** Data for the task follows **

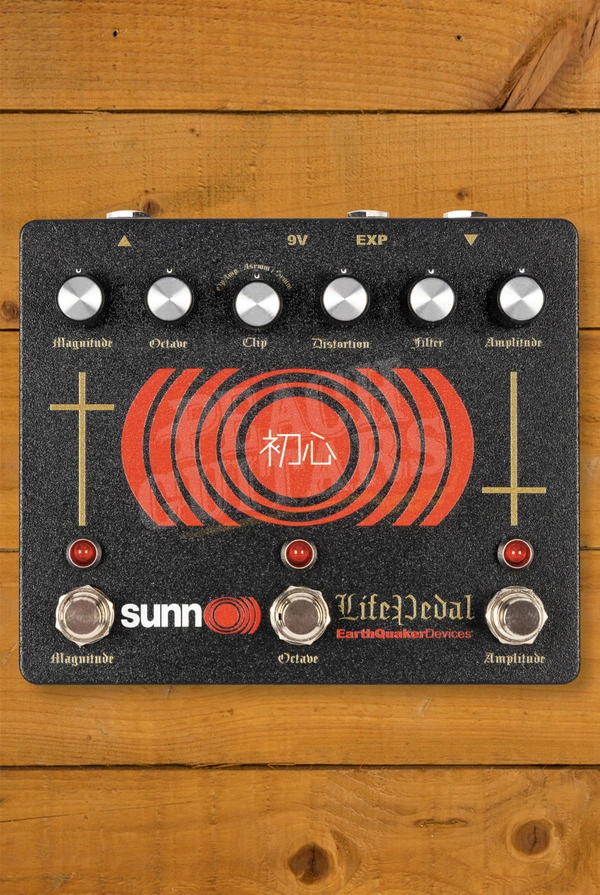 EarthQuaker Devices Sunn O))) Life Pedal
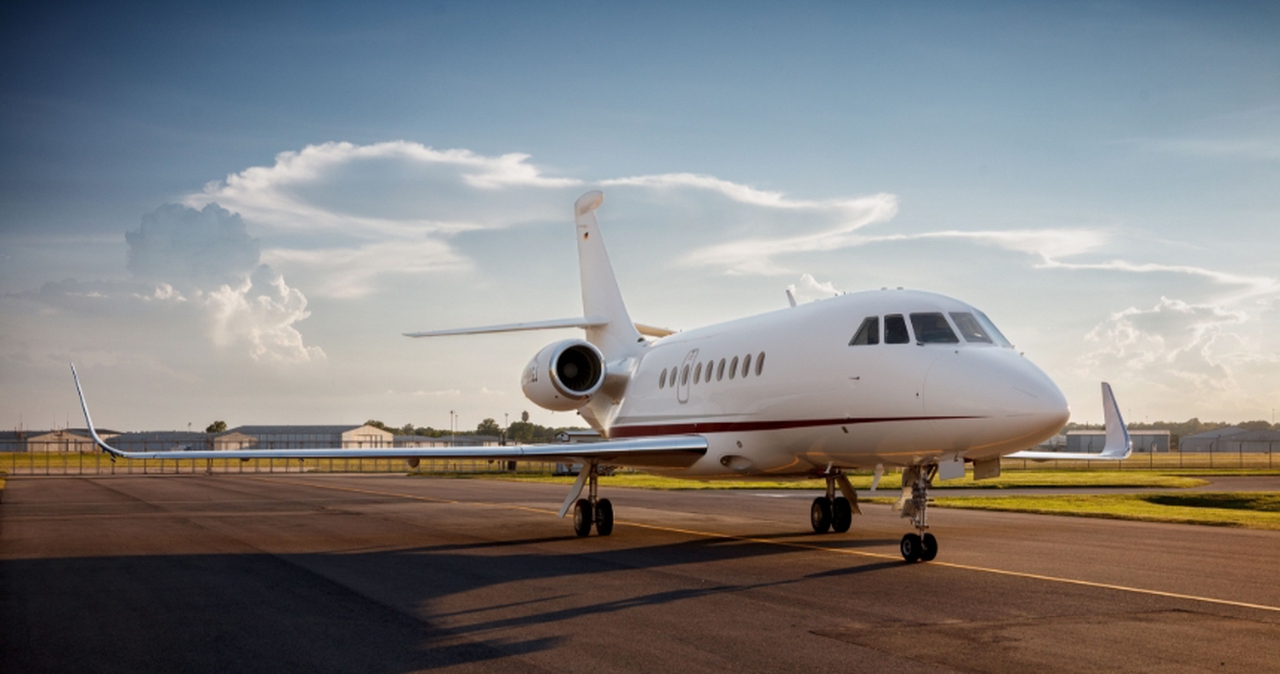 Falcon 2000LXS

** End of Data for the task **
** Data for the task follows **

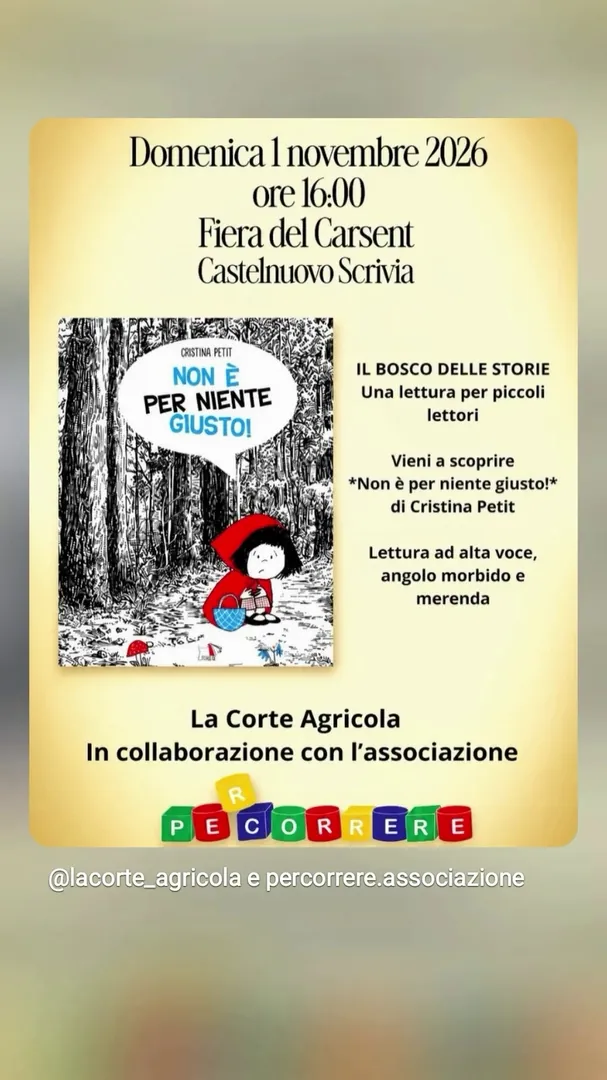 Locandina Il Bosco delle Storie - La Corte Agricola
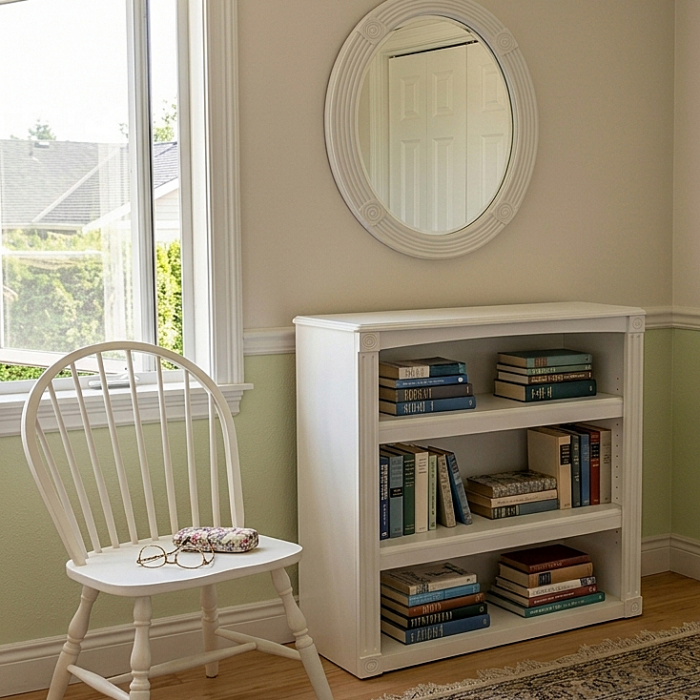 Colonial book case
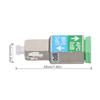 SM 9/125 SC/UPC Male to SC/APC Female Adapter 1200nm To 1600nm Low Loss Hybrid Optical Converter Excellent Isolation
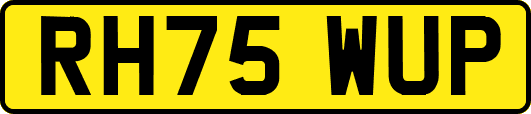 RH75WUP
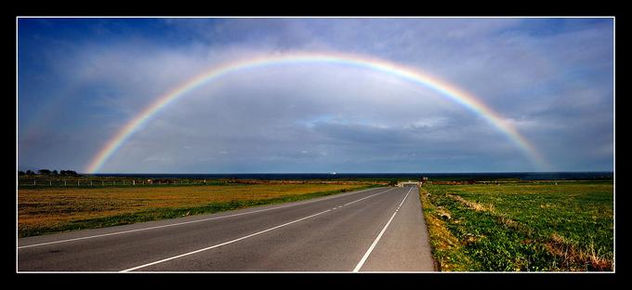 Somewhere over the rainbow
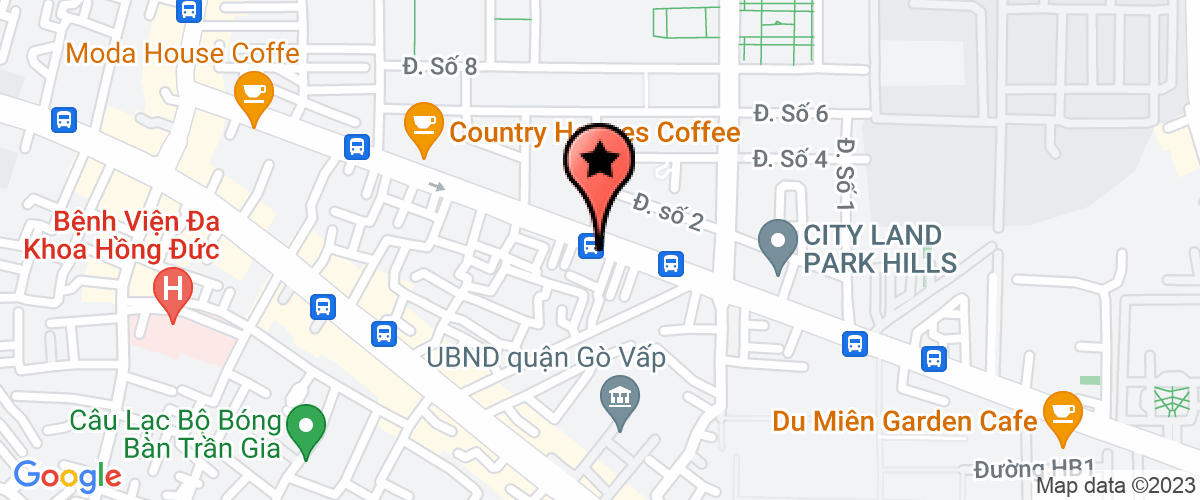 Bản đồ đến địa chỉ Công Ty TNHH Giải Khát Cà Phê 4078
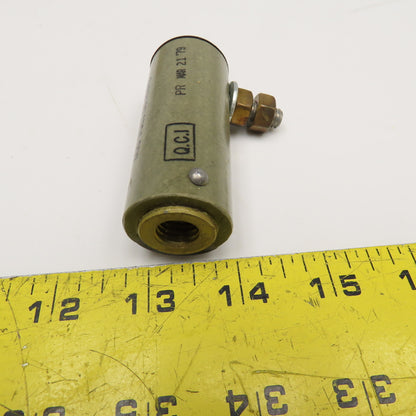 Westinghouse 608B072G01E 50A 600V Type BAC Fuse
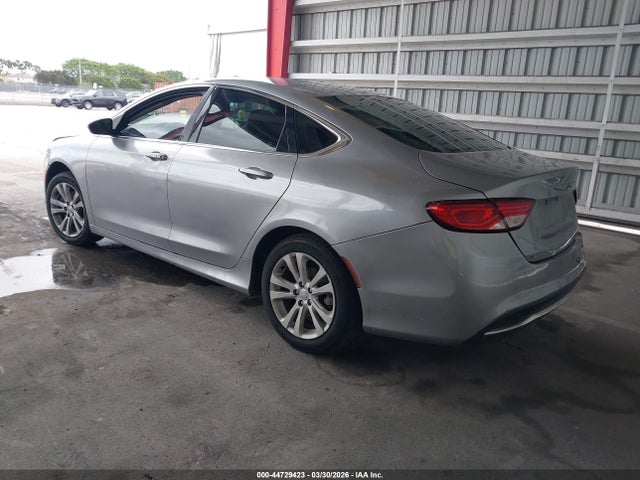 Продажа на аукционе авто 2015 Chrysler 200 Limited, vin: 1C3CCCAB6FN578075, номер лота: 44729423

** End of Data for the task **
** Data for the task follows **

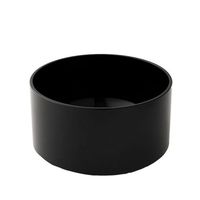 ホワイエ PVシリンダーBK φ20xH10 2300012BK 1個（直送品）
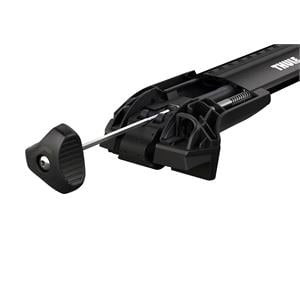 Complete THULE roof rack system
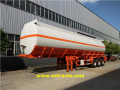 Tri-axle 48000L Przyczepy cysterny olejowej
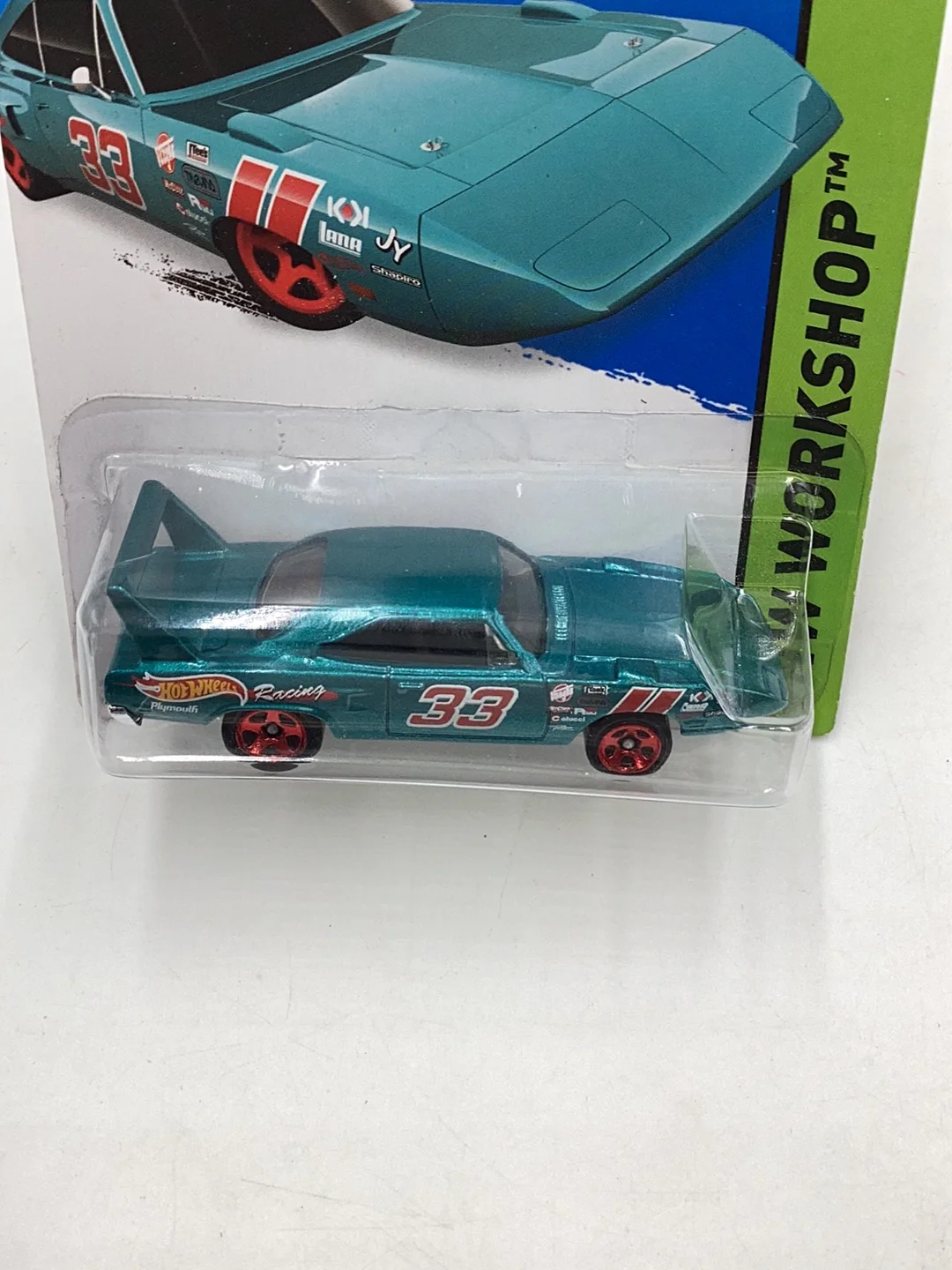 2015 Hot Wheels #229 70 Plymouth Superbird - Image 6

** End of Data for the task **

*Task requirements*. Output only the lines above from the one containing "Somewhere over the rainbow" to the one containing "Продажа на аукционе", both included, exactly as written and with no pictures.

*Result for this task*.
 Somewhere over the rainbow
 Bản đồ đến địa chỉ Công Ty TNHH Giải Khát Cà Phê 4078
 Westinghouse 608B072G01E 50A 600V Type BAC Fuse
 Продажа на аукционе авто 2015 Chrysler 200 Limited, vin: 1C3CCCAB6FN578075, номер лота: 44729423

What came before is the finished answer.